Hi, all
Sorry for my English, unfortunately I still don’t know Chinese.
I’ve got my SpacemiT K3 Pico ITX board.
I run STREAM and found an issue with low bandwidth.
OS: preinstalled default Bianbu 4.0.1
Linux kernel: preinstalled default Linux k3 6.18.3-generic #1.0.0~rc2.4 SMP PREEMPT_DYNAMIC Thu Apr 16 11:50:58 CST 2026 riscv64 GNU/Linux
OpenSBI: preinstalled with OS
My reproducer.
How to make:
gcc-15.2
gcc -O3 -march=rv64gc -fno-pic -fno-pie -static -ffast-math -fno-finite-math-only -mcmodel=medany
taskset -c 1 ./stream-36000000
-------------------------------------------------------------
STREAM version $Revision: 5.10 $
-------------------------------------------------------------
This system uses 8 bytes per array element.
-------------------------------------------------------------
Array size = 36000000 (elements), Offset = 0 (elements)
Memory per array = 274.7 MiB (= 0.3 GiB).
Total memory required = 824.0 MiB (= 0.8 GiB).
Each kernel will be executed 100 times.
The *best* time for each kernel (excluding the first iteration)

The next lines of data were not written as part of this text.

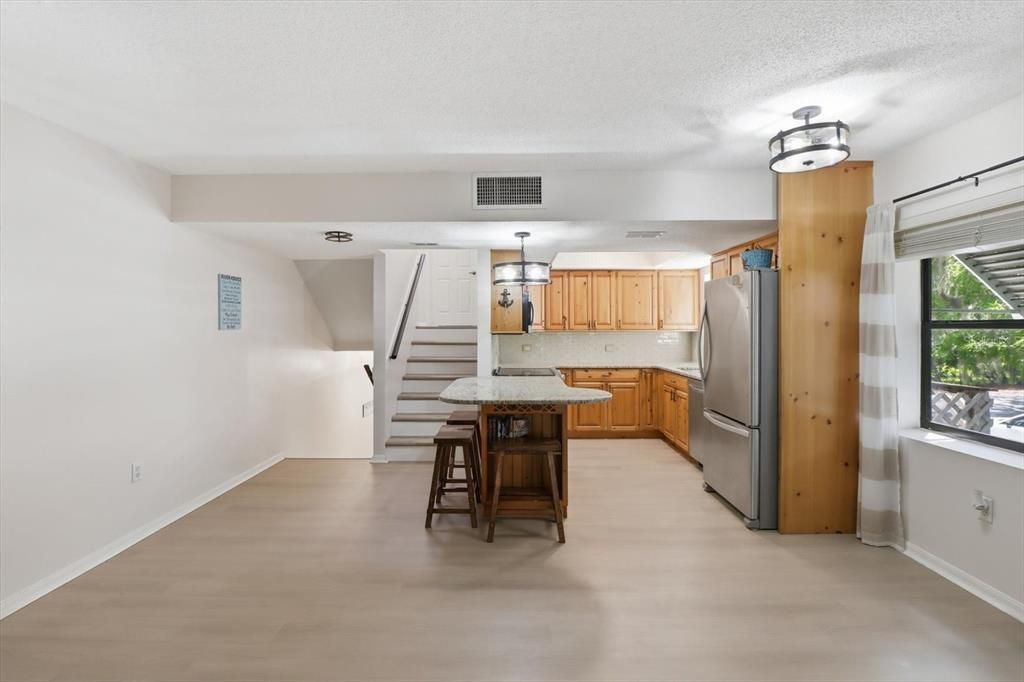 En Venta: $334,000 (2 camas, 2 baños, 1200 Pies cuadrados)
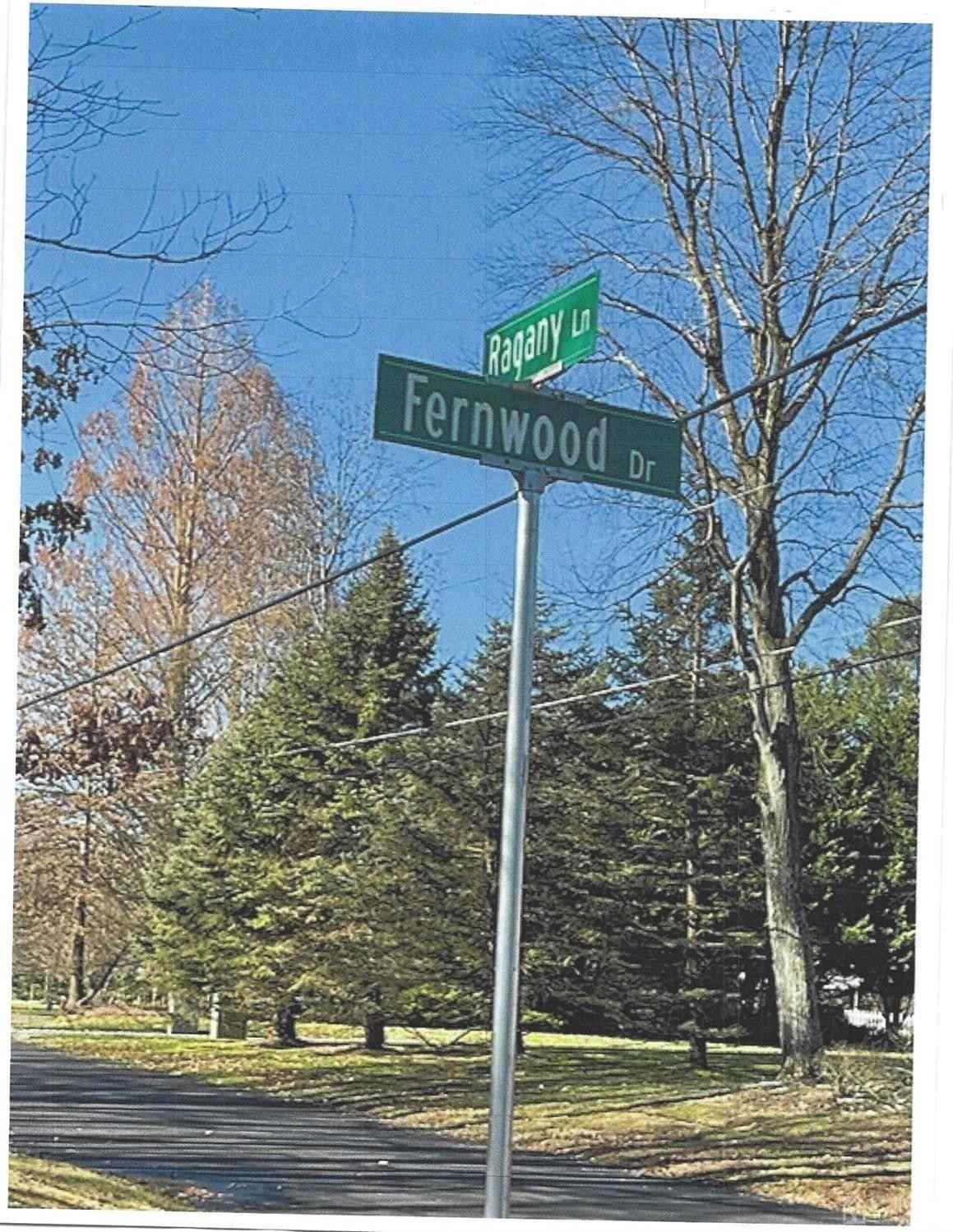 2 Fernwood Dr  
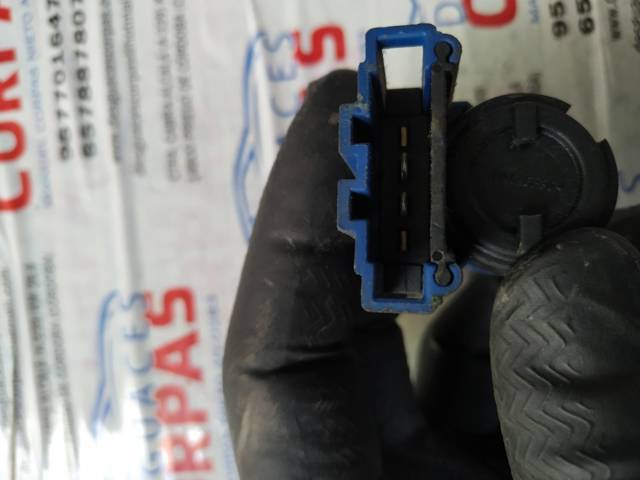 1J0927189 VAG Interruptor de embrague  en stock Córdoba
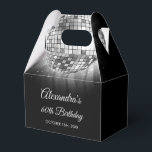 Zilveren 60e Verjaardagsfeestje 70's Disco Ball Bedankdoosjes<br><div class="desc">Verhoog uw 60ste verjaardag met onze Silver 60th Birthday Party 70's Disco Ball Gift Box, ontworpen om een vleugje verfijning en retro flair toe te voegen aan uw mijlpaal bash. In een glinsterende zilveren tint straalt deze geschenkdoos elegantie en nostalgie uit. De disco ball graphic brengt je terug naar het...</div>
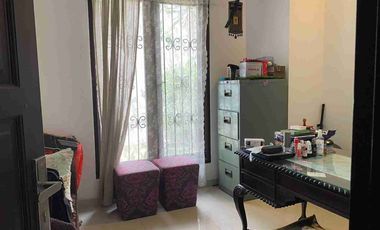 dijual rumah luas terawat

will be used to compute the reported bandwidth.
-------------------------------------------------------------
Your clock granularity/precision appears to be 1 microseconds.
Each test below will take on the order of 36045 microseconds.
(= 36045 clock ticks)
Increase the size of the arrays if this shows that
you are not getting at least 20 clock ticks per test.
-------------------------------------------------------------
WARNING -- The above is only a rough guideline.
For best results, please be sure you know the
precision of your system timer.
-------------------------------------------------------------
Function Best Rate MB/s Avg time Min time Max time
Copy: 17931.1 0.033547 0.032123 0.037976
Scale: 12767.1 0.046390 0.045116 0.055984
Add: 12323.1 0.070872 0.070112 0.078398
Triad: 12263.0 0.070969 0.070456 0.075608
-------------------------------------------------------------
Solution Validates: avg error less than 1.000000e-13 on all three arrays
-------------------------------------------------------------
I’ve got ~12000 Mb/s in Triad for several ARRAY_SIZES, but chosen one is enough to reproduce the bandwidth.
I would expect much more on Triad.
Is this bandwidth expected?
If it’s expected higher bandwidth then where I wrong and how I can get better results?